An honourable gentleman (Mr. Leslie Foster), has said, that this is a case of defence, that we are only protecting our constitution and religion, that the proposed measure would only produce a revolution in both countries; a gentleman says this, endowed with much information and ability. The Protestant establishment, the Protestant church, are great names certainly, but in order to make them any thing more than a mere outcry on the present occasion, it is necessary to show they are in danger. Seven or eight noblemen would come into the House of Peers, and perhaps ten or twenty members into the House of Commons; is this a revolution? or would this justify you in disqualifying a great portion of your fellowsubjects? It is then necessary to prophesy, and gentlemen say this would become a majority in Ireland, then a majority in England, and bear down the House of Peers, and finally depose the King. I say no; and for the reason they give; because the majority they say will draw the power; and the majority in the British empire is Protestant. But I gravely ask you, will you on the strength of prophecy, and such a prophecy, disqualify your people. Mr. Fox had observed, that if men had an interest in it, they would deny a mathematical as well as a moral truth; here it has happened; minority is majority, and nothing is, but what is not. Such has been the danger which gentlemen apprehend to the constitution. Now let us see the safety which they administer; and, first, they reject the security, and, instead of security, they suffer an unrestrained intercourse between the church of Rome, and the Irish clergy; so that there may be a complete incorporation with the See of Rome, accompanied with a complete disincorporation of the people from the constitution of England, to be accompanied with a tax on both countries, and chiefly on England, in order to guard the penal system in Ireland against the people.
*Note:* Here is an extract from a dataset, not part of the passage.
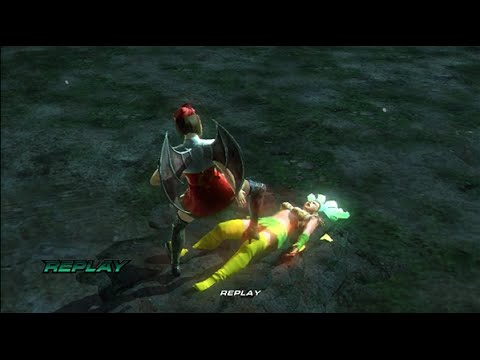 Tekken 6 Ranked: IR4_SOLDIER69 (Christie) vs imbattibilekill (Anna) (Yaksa Promo)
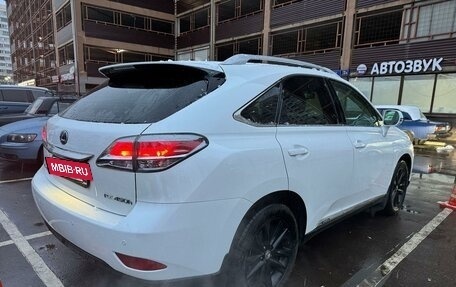 Lexus RX III, 2012 год, 3 333 333 рублей, 19 фотография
Penal system! do Isay? What! are you not yet a people? Have you been for so many centuries with the powers of revenue, of government, of legislation, and are you not yet a people? And have you incurred a debt of 25,000,000l., as it existed before the Union, telling nothing in empire, and only spinning on your own axis, and do you now seek to continue a system, which has thus kept you divided, and support it with barracks and forces, and inflict pains and penalties on your people?

"It is true we have prayed for you, much; we have drank for you, much; and now all we want is every thing you have to give, at the expence of the strength of the empire.

This is not the state of Ireland, but it is their idea of her safety; fortunately for the empire, she has acted upon a very different principle. She has acted as a nation, not as a settlement; she has contributed to restore the empire, by rejecting a system those mistaken men would impose upon her; a system impolitic, immoral, and unchristian; no state can be formed on it, no morality can be reconciled to it, Christianity protests with all her charities against it; it stabs the dearest interests of men, and aggravates the crime by assuming to act in the name of the Almighty.

A division then took place. For the motion 221, against it 245; Majority against a Committee 24.

Tellers for the Ayes, Sir H. Parnell, and Mr. Wm. Smith.

for the Noes, Mr. Bankes, and Right Honourable R Peel.

WINDOW TAX.

MR. SHAW MOVES TO REFER THE PETITIONS FROM DUBLIN TO A COMMITTEE.

May 22. 1817.

ON this day, Mr. Shaw, in pursuance of notice, brought forward his motion, respecting the window tax in Ireland. He stated that it was originally a war tax, and the Chancellor of the Exchequer, at the time of the Union (Mr. Corry,) had declared, that it was to last only during the war; it affected particularly the poorer classes in Dublin. He instanced one case where a householder paid 287. yearly rent, and for window and hearth tax 247. : a sum nearly amounting to the yearly value of the tenement; he complained of the severe powers entrusted to the collector, having a right to enter into any part of the house he pleased, and this under 20l. penalty if refused. He moved, that the different petitions from the parishes of the city of Dublin be referred to a select committee.

Mr. GRATTAN said: I agree in every thing which my colleague has stated. He has gone in so satisfactory a manner into the detail of the question, that I find it unnecessary for me to speak at large.